PDA

View Full Version : [ubuntu] mdadm issue, now allowing me to remove bad drive


goldenfri
August 31st, 2008, 09:55 PM
I have an issue with mdadm on Ubuntu server 8.04 (mdadm v2.6.3)

I am running a RAID 5 with 5 drives and a hot spare
One of my drives got a ton of bad blocks recently, so I marked it as failed and it automatically failed over to the spare and started rebuilding. So far so good.

When it finished I removed the bad drive in mdadm and everything is fine.

So my issue is when I try and physically remove the bad drive from the system. When I remove any drive from the system it hangs at the raid part of the boot and won't boot.
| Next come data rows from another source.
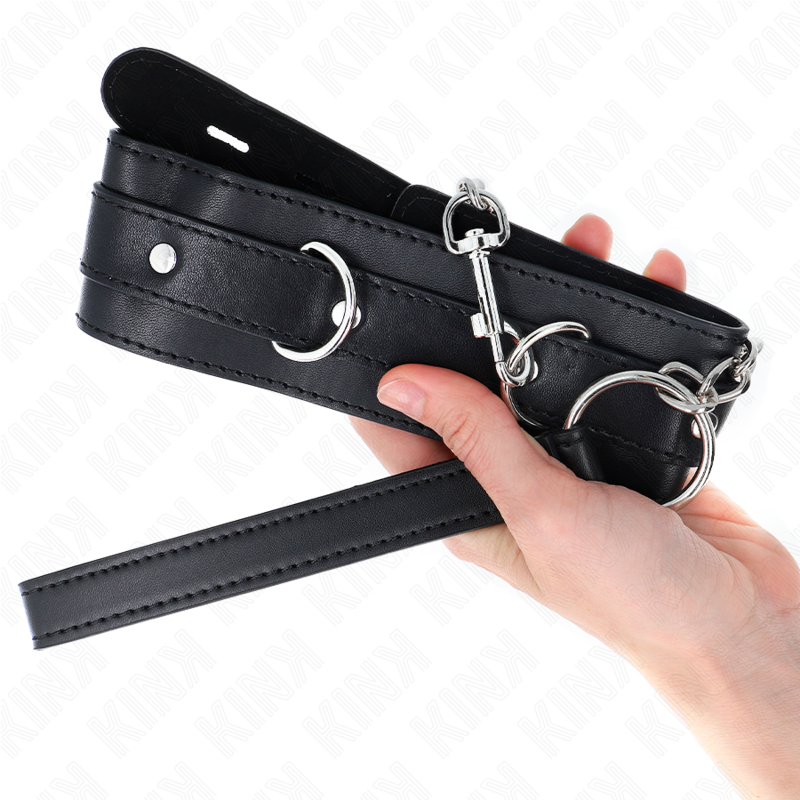 KINK - COLLARE CON CINTURA 65 CM CON CINTURINO NERO 54 X 4,5 CM – Collane – foto 4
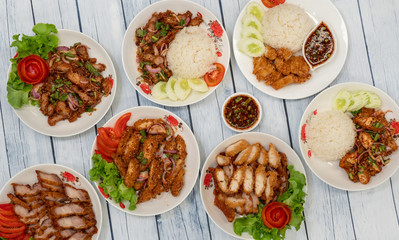 Thai Food Mixed Sets 9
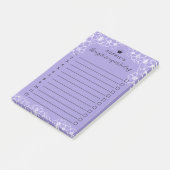 Post-it® Purple Floral princesse Couronne choses à conquéri (Incliné)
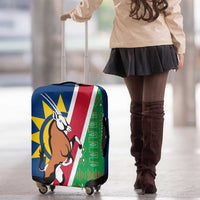 Namibia Flag Luggage Cover Detailed Design with Traditional Patterns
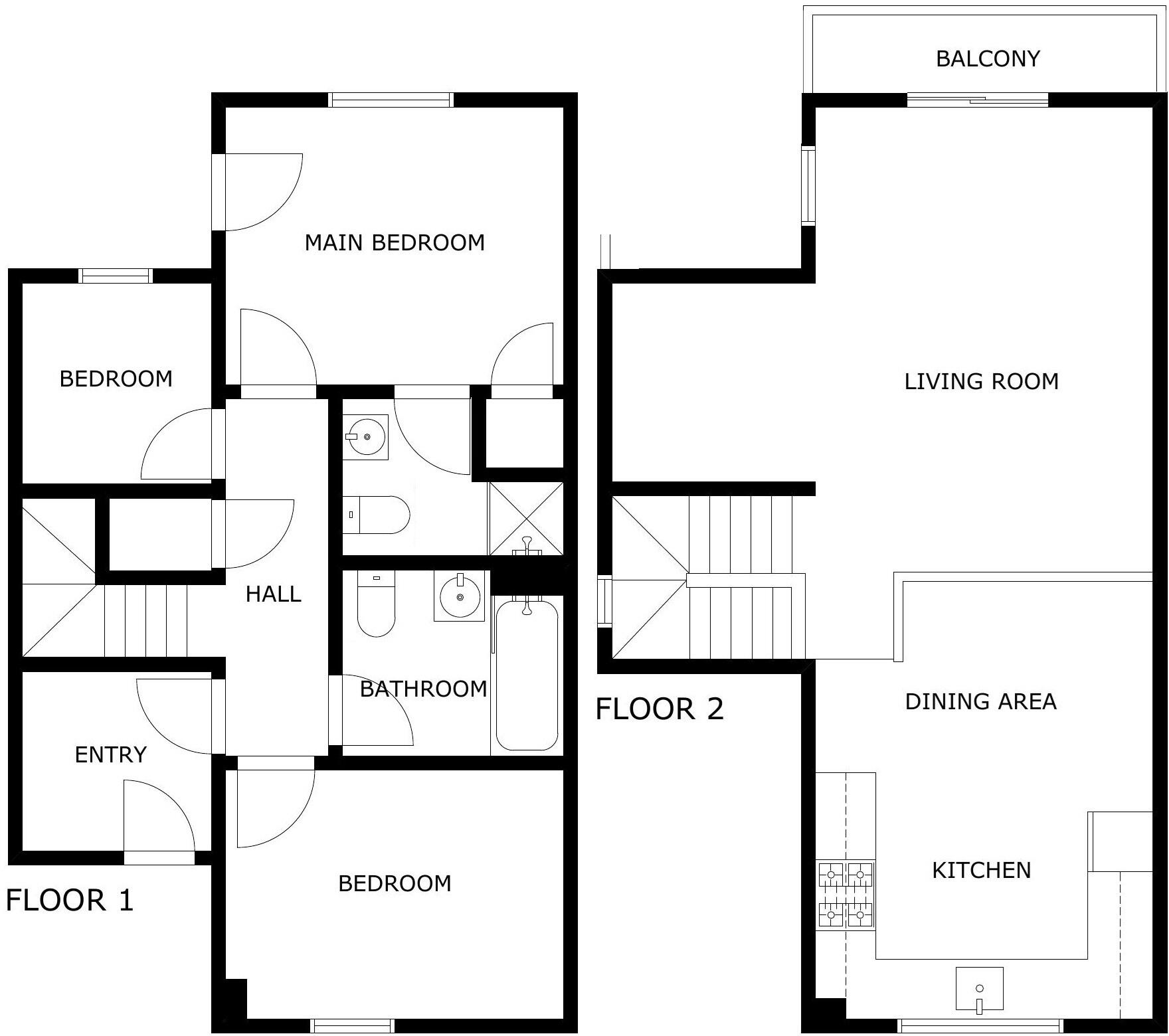 Squirrel Cottage, 6 Kirkstone Cottages, Whitbarrow Holiday Park, Berrier, Penrith floorplan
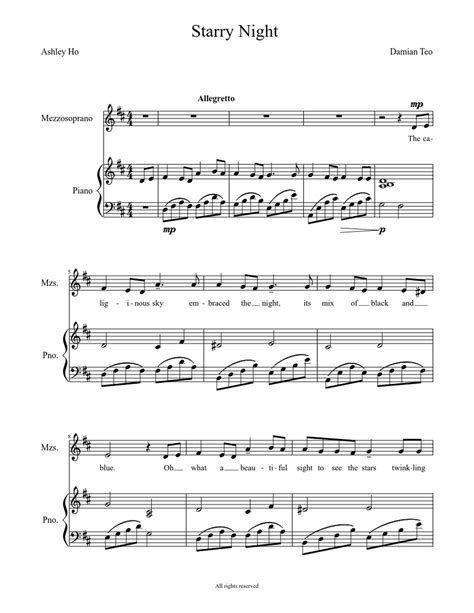 Starry Night Sheet music for Piano (Solo) | Musescore.com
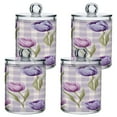 thumbnail image 2 of High-value clear storage jars keep life organized and within reach one sizex2 Beautiful Pinkish-purple Tulips, 2 of 7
Any ideas? I can leave the bad drive in and it works fine but I don't really want to do that.

tamoneya
August 31st, 2008, 10:06 PM
this is just a guess but what is most likely happening is that mdadm is using the device names not UUIDs. (Can you give UUIDs to mdadm It would make sense if you could but I have never done it). Therefore if your drives are /dev/sda-f (a-e active with f as hot spare) and lets say /dev/sdb fails you rebuild on f. However when you remove sdb things get renamed so that c = b, d = c, e = d, f = e. This is a total shot in the dark but it is at least something to take a look into. Chances are you will want to look into mdadm.conf and see if you can make some changes there.

fjgaude
September 1st, 2008, 10:20 AM
Well, I've been through these things before... first using mdadm fail the bad drive, then again using mdadm remove it. That way md in the kernel knows what is what.

Software raid uses the superblocks mdadm places on each drive to know what is part of an array.

You might zero the superblock of the failed drive before you physically remove it.